Using Cruise Control
The cruise control stalk has a 2-step toggle similar to that of the turn signal. A lighter nudge will enable a 1 MPH increase or decrease in cruising speed depending in which direction you nudge it. Pushing the stalk with a bit more pressure will click it into a higher change in speed at 5 MPH.
Resuming cruise control is as simple as pulling the stalk towards you. The car will quickly accelerate back to the set cruising speed but in a controlled manner, never exceeding 80kW of acceleration. I tested a 20 to 70 MPH cruise resume and found it to be very smooth and safe feeling.
Canceling the cruise control, but not turn it off, requires a forward push on the stalk. This can be quite jarring for your passengers since the car will suddenly slow down without much notice due to the regenerative braking.
Tip: Offset the regenerative braking by keeping your foot on the accelerator pedal and applying some gentle acceleration before canceling cruise control. This takes time to master but is well worth the effort.
There’s a small marker on the outer trim of the digital bezel that indicates the speed at which cruise control is set at. You’re not constrained to this speed so you can always accelerate past that marker by depressing the accelerator pedal or cancel cruise control all together by pushing the stalk away from you.
Theory suggests that cruise control will improve energy efficiency in the Tesla Model S by helping the vehicle maintain a set speed while it tackles elevation changes.

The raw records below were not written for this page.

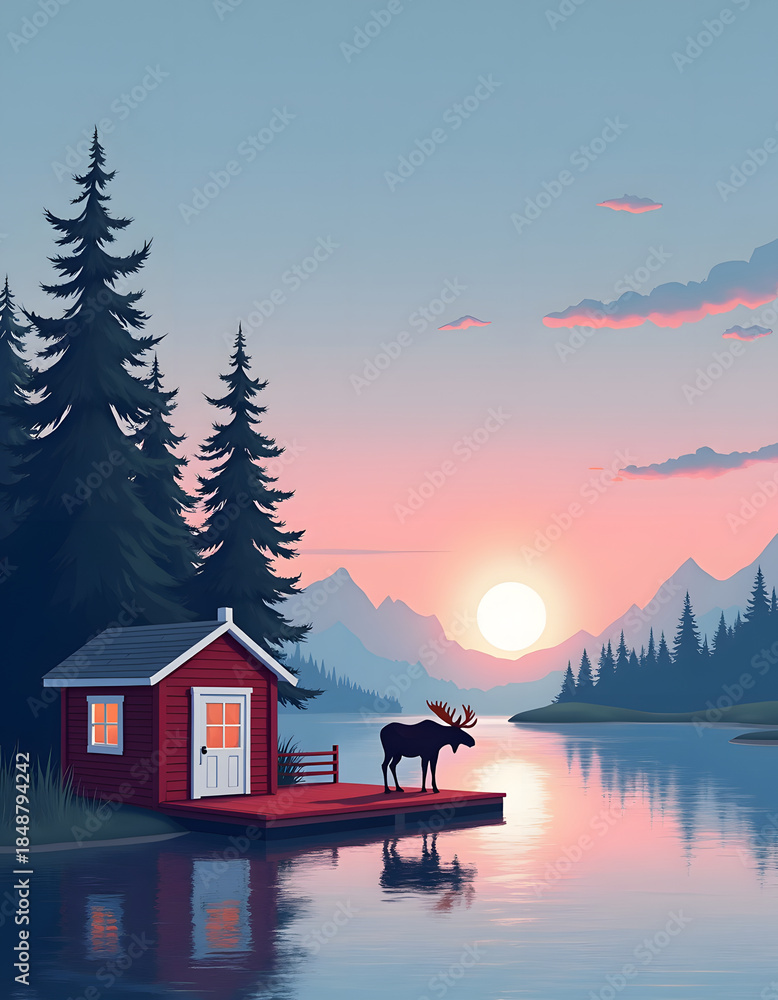 Obraz premium Serene lakeside cabin with moose at sunset, tranquil wilderness scene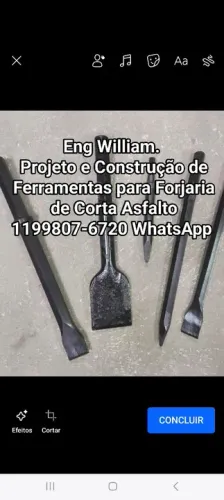 Corta Asfalto Projeto de Ferramentas Forjada.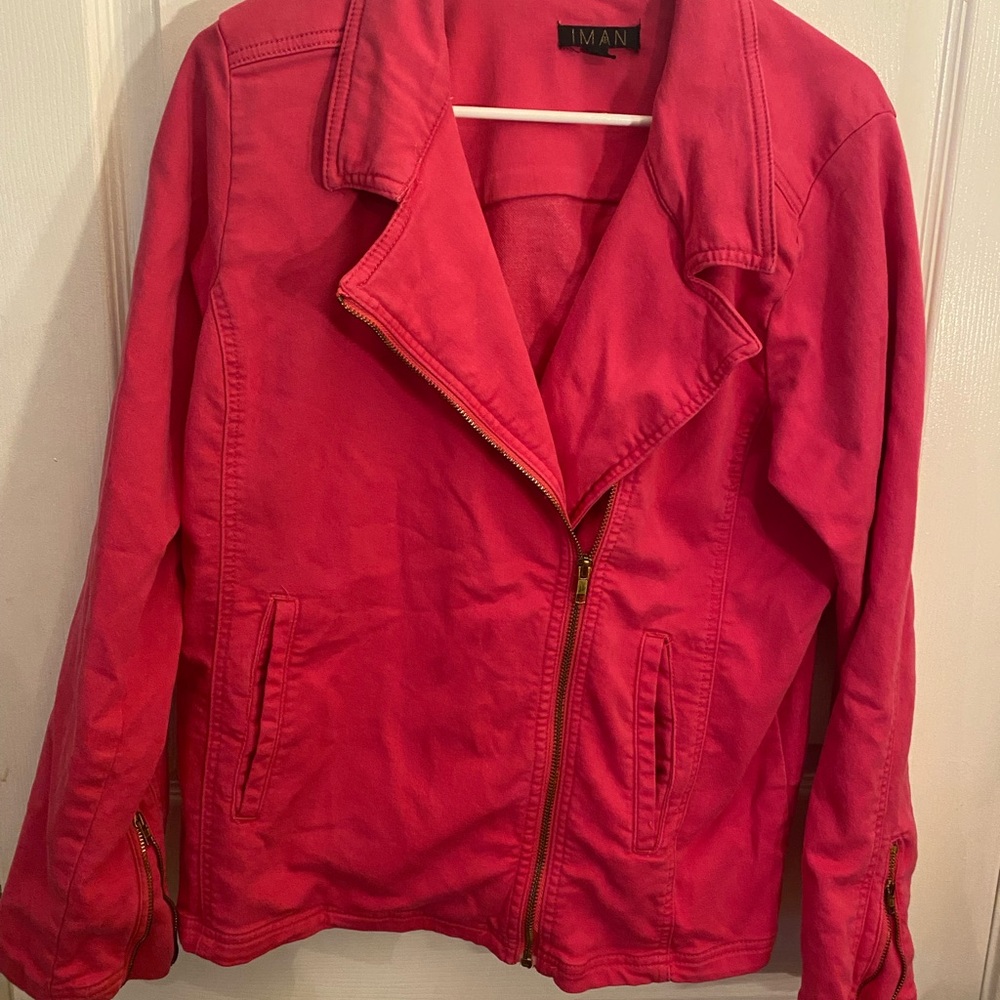 IMAN Women's Vibrant Red Utility Jacket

People tend to accelerate and decelerate when not entirely needed therefore wasting energy. Regenerative braking reclaims 70% of this wasted energy but, even at that, using cruise control will ensure that you’re using energy efficiently.
The high-mounted location of the Tesla Model S cruise control stalk takes some getting used to. Canceling cruise control also requires practice as it kicks off regenerative braking the second you toggle the stalk forward. But overall Tesla did a great job building out the cruise control system. In fact it’s one of the best cruise control systems I’ve ever used!